I have a buddy who bought a 1x12 Detuned cab from these guys and he said the guys have an old Mesa/Boogie half open back 4x12 in the shop and even with four speakers, the 4x12 BARELY kept up. I couldn't believe it so I went to the shop in Azusa, Ca. and heard it for myself. I ordered two 2x12 cabs. The only thing that might be an issue is the size of the cabs. My 2x12 is slightly larger than a regular 4x12 due to the required size needed for the ports but the cabs are lighter because there are two less speakers. They're also expensive. The 2x12's go for $949.00, about the price of a Mesa but the tone is just killer. There's simply no better sounding cab out there. I love them and you guys can check them out on Myspace.com/happycabs

They have sound comparisons with the old Mesa 4x12.
BTW, here are some pictures I took of my cab and that the shop emailed me.

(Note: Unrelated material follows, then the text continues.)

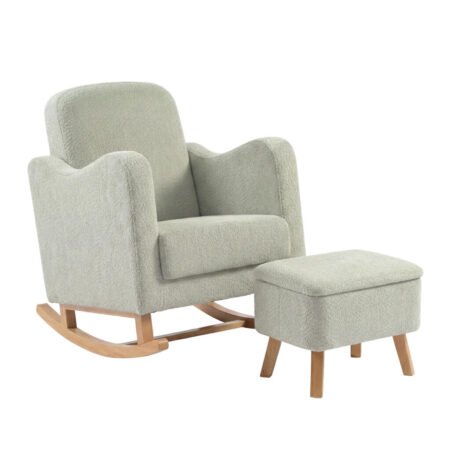 LPD Bebe Soother Rocking Nursing Chair and Footstool Sage Boucle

And here's a picture of their 4x12 they call THE BEAST


----------



## Harry (Aug 2, 2010)

Old thread is OLD 
But that was actually pretty interesting and useful info for a necro thread bump, so it should be no issue


----------



## BabUShka (Aug 2, 2010)

hehe indeed..  
As far as I can remember, Andy Timmons prefer 2x 212 cabinest insted of a 412 because of the sound. 
I dont know, but I might have an theory that with 2x 212 you can "spread" the sound even better by pointing the cab in different ways


----------



## Cheesebuiscut (Aug 2, 2010)

That 4x12 sized 2x12 kinda defeats the whole idea of having 2 2x12's.


----------



## TMM (Aug 2, 2010)

Cheesebuiscut said:


> That 4x12 sized 2x12 kinda defeats the whole idea of having 2 2x12's.



+1

One of the best compact live setups I've seen was a guy that had a rack w/ TriAxis, GForce, & 2:90, and (2) Thiele 112 cabs. He spread the cabs out a little on stage, and his tone was awesome and full, even though it was only 2 speakers.


----------



## Dehumanize (Aug 2, 2010)

Vader 212s don't have the 'boom' that the 412. It's still there, but not quite the same. I currently play a Vader 212 on top of a 412, at least 'til I can snag a 215.


----------



## brodjentle (Aug 2, 2010)

I would love a thiele! But they are expensive


----------



## Darth Nihilus (Aug 3, 2010)

Cheesebuiscut said:


> That 4x12 sized 2x12 kinda defeats the whole idea of having 2 2x12's.



The whole point of the Happy Cabs stuff is that if you're looking for the volume of a standard 2x12, you get a Happy Cabs 1x12.
Getting a HC2x12 would be like using a standard 4x12 volume-wise.

You wouldn't need two Happy Cabs 2x12's. If you're looking for a cab with the volume of a traditional 4x12, a single Happy Cabs 2x12 will do it louder and sonically better. If you're looking for the volume of a traditional 2x12, the Happy Cabs 1x12 will do it. That's the cab my buddy got.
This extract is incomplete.